Feature Scaling for Geospatial Inputs

Scale geospatial features for ML: normalize raster bands, handle mixed spatial units, apply heterogeneous ColumnTransformer pipelines to GeoDataFrames, and prevent inference drift.

Feature scaling is a foundational step in every machine learning pipeline, but geospatial inputs introduce constraints that standard tabular workflows rarely encounter. Raster scenes deliver spectral reflectance values, elevation integers, and thermal readings in the same dataset. Vector layers add proximity distances measured in kilometres, land-cover codes, and population densities spanning orders of magnitude. Without a deliberate, spatially aware normalization strategy, gradient-based models converge slowly, distance-based algorithms are dominated by high-magnitude features, and production inference pipelines accumulate silent distributional drift as seasons change or sensors degrade.

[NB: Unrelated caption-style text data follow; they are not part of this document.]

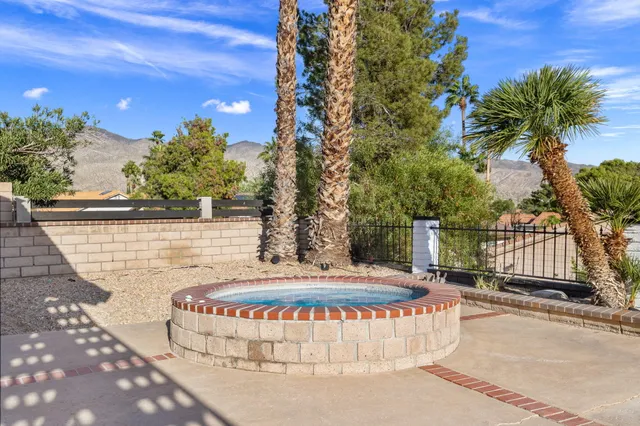 a view of a swimming pool with a patio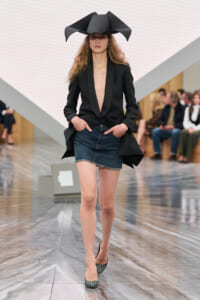 Model walks a runway in a black blazer with deep plunging neckline, a denim mini skirt, green checkered heels, and a large avant-garde black hat; audience seated in background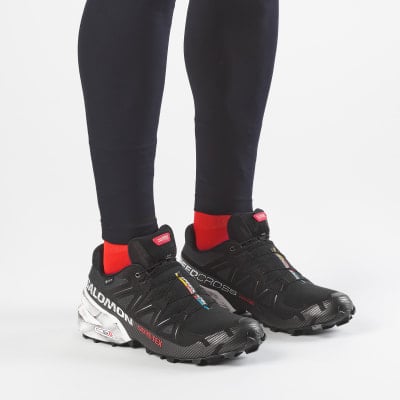 Schwarze Salomon-Laufschuhe mit roten Socken und dunklen Leggings. Schwarze Salomon-Laufschuhe mit roten Socken und dunklen Leggings.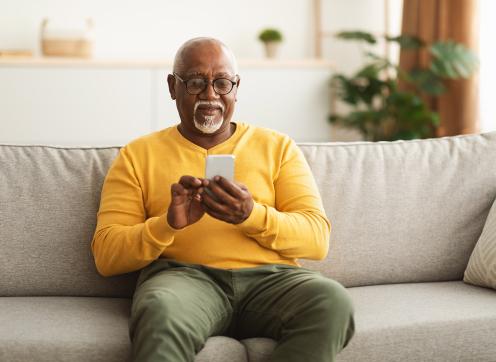 An elderly black male in a yellow sweater using a smartphone while sitting on a sofa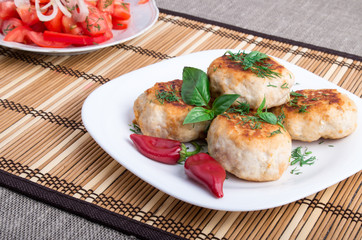 Chicken meatballs of minced meat and a salad of raw tomatoes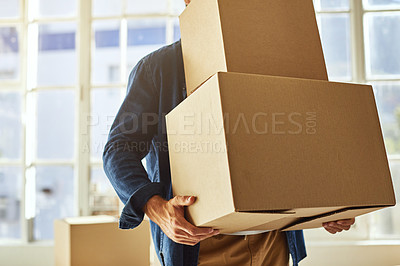 Buy stock photo Cropped shot of a young man carrying boxes while moving into his new home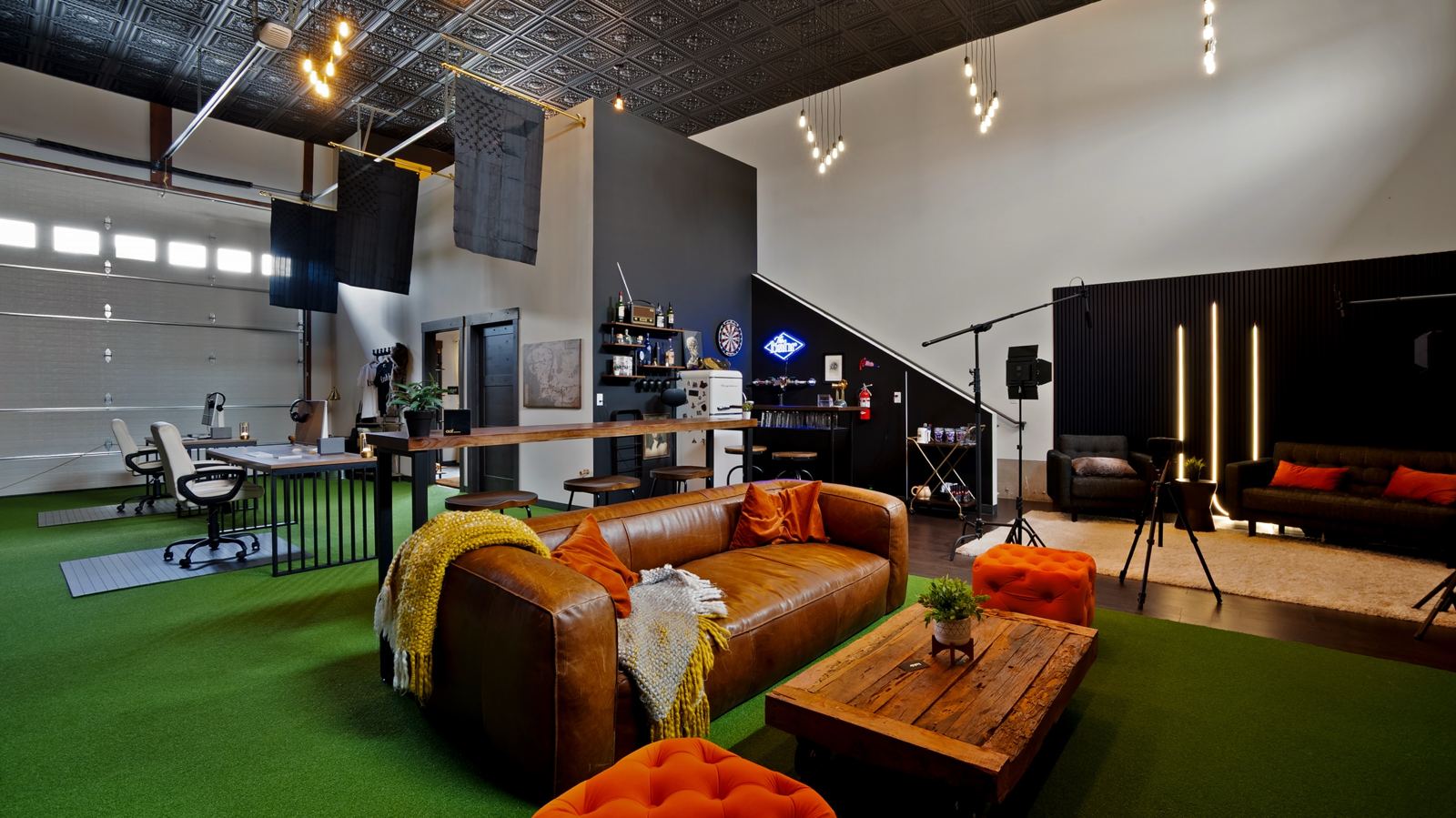 The bahlr studio floor with an interview set, lights and boom mics beside the lounge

This page is part of Spatial Feature Engineering for Machine Learning. It covers the complete production workflow for scaling heterogeneous geospatial features: CRS validation, spatial missing-value handling, scaler selection by feature type, ColumnTransformer pipeline construction, serialization, and spatial drift monitoring.


Geospatial Feature Scaling Pipeline Five sequential stages: raw spatial inputs, CRS validation and extraction, missing-value handling, heterogeneous scaling via ColumnTransformer, and serialized preprocessor output. Raw Spatial Inputs raster · vector · indices CRS Validate & Extract project → 2-D matrix Mask & Impute sentinel → NaN SimpleImputer ColumnTransformer Standard · MinMax Robust · Quantile Serialized Preprocessor joblib · versioned

Prerequisites and Environment Setup

pip install "scikit-learn>=1.3" "geopandas>=0.14" "rasterio>=1.3" \
            "xarray>=2023.12" "joblib>=1.3" "numpy>=1.24" "pyproj>=3.6"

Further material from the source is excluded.